REVERSED AND REMANDED ( with directions).
John A. McAnally and Bradley Noble for appellant.
John W. Giesecke and Langdon R. Jones for respondent.
This suit is based on the following petition, caption and signature omitted:
"Plaintiff states that the defendant is a corporation engaged in the business of writing life insurance and is organized under the laws of the State of Missouri and as such is capable of suing and is liable to be sued in the Courts of this State.
"For cause of action plaintiff states that the defendant by its policy of insurance Number 4732 issued on October 31, 1929, insured the life of Joseph D. Williams and promised for and in consideration of the premium therein stipulated upon the death of said Joseph D. Williams to pay to this plaintiff, wife of the insured, the sum of $2000.00, provided that such death occurred while said policy was in full force and while the premiums thereon had been paid thereon.
"Plaintiff further states that while said policy was in full force and effect and while all premiums due thereon had been fully paid the said Joseph D. Williams on November 4, 1933, died, and that thereby defendant became indebted and liable to pay to this plaintiff the said sum of $2000.00 under the terms and conditions of said policy; that said policy is filed herewith and marked Exhibit A.
"Plaintiff further states that immediately after the death of Joseph D. Williams she requested defendant to furnish to her blanks or forms upon which to make formal proof of death as is provided by the terms of said policy, and that the defendant refused to furnish the same and has thereby waived such formal proof of death.

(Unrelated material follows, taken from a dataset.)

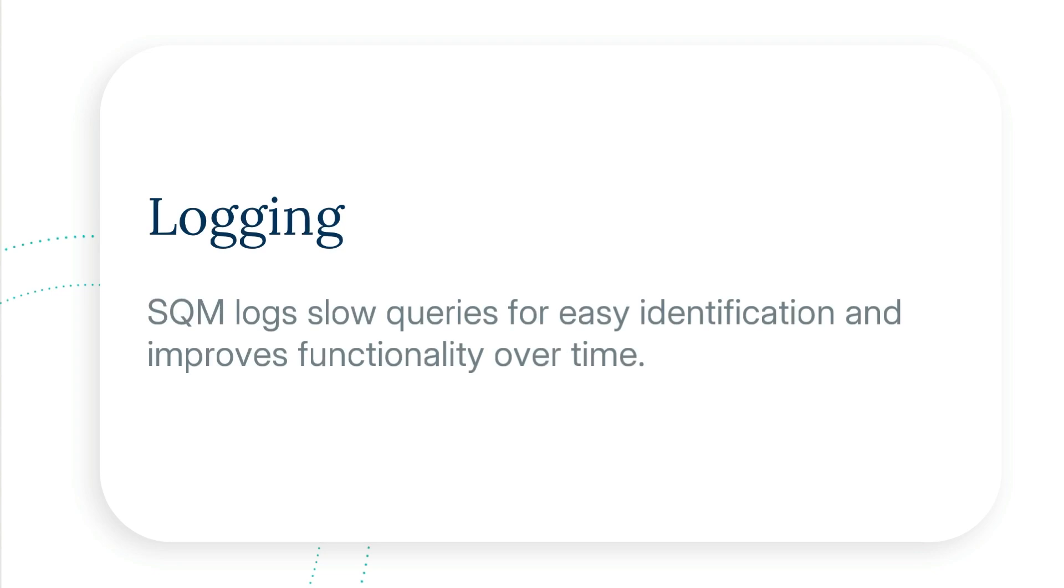There are four features that make SQM unique. Logging: SQM logs slow queries for easy identification and improves functionality over time.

"Plaintiff further states that she has demanded of the defendant the payment of the said sum of $2000.00, and that the defendant has vexatiously, willfully and without reasonable cause refused to pay the same or any part thereof; that by reason thereof defendant has become liable to plaintiff as a penalty in an additional sum equal to ten per cent of the amount due and also for a reasonable attorney's fee for the prosecution of this case, and that a reasonable attorney's fee in this case is $500.00.
"WHEREFORE, premises considered plaintiff prays judgment against the defendant for the said sum of $2000.00 with ten per cent thereof additional as penalty and for $500.00 as attorney's fee for the prosecution of this suit and for her costs herein expended."

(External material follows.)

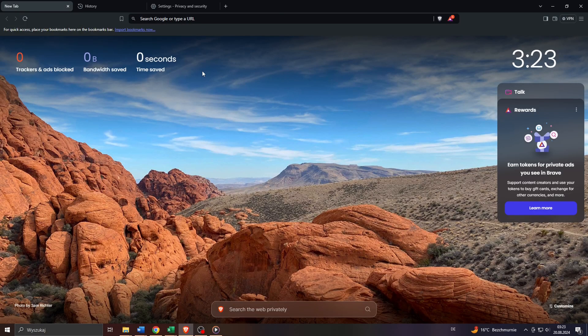Hey guys, what's up? In this tutorial video I will teach you step by step how you can clear your browsing history in the Brave browser. So let's get started.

The amended answer, caption and signature omitted is as follows:
"Now comes Liberty National Life Insurance Company, defendant in the above entitled cause, and by leave of court first had and obtained files this its amended answer to plaintiff's petition herein and admits that it is an insurance corporation organized and existing under the laws of the State of Missouri and is engaged in the business of writing life insurance.
"Further answering defendant admits that it issued a policy of insurance on the life of Joseph D. Williams, dated October 31, 1929, by which it promised to pay to the plaintiff upon proof of the death of said Joseph D. Williams, the sum of two thousand dollars, provided such death occurred while the said policy was in full force and while no premiums therefor were in default.

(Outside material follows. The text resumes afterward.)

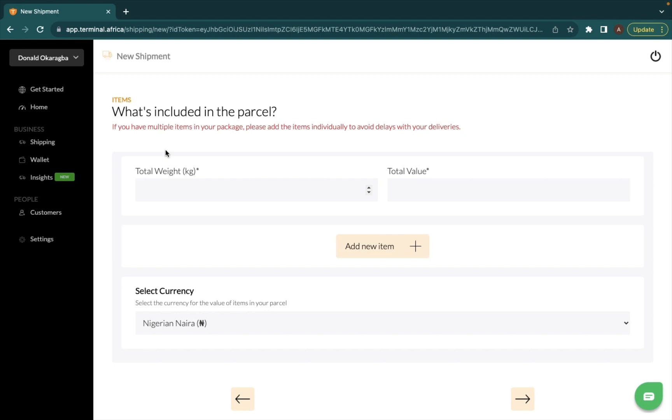After you have put your contact information and the information of the person that you're sending the package to, you want to include the total weight of your package. So the total weight of a package is 10 kg and the total value is 300,000 naira. Now this is where it gets very important.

"Further answering herein defendant admits that Joseph D. Williams died on, to-wit, November 4, 1933, but denies that said policy was in force and effect at the time of his death, denies that all premiums due on said policy had been paid up to the time of the death of said insured, and denies that the defendant became indebted or liable to pay to the plaintiff the sum of two thousand dollars or any other sum by reason of the death of said Joseph D. Williams, and denies each and every other allegation in said petition contained.
"Further answering herein defendant avers that the said policy of insurance provided that in the event said Joseph D. Williams failed to pay any premium on or before the date such premium became due, or in the event that he failed to pay any promissory note that might be made by said Joseph D. Williams and delivered to the defendant for the deferred payment of any unpaid premium, such failure in either event rendered, without action on the part of the defendant, the said policy null and void and forfeited to the defendant all rights of the said Joseph D. Williams thereunder.
"Further answering herein defendant alleges that the said Joseph D. Williams paid only the first annual premium on said policy and failed, neglected and refused to pay the second or any subsequent annual premium or any installment thereof.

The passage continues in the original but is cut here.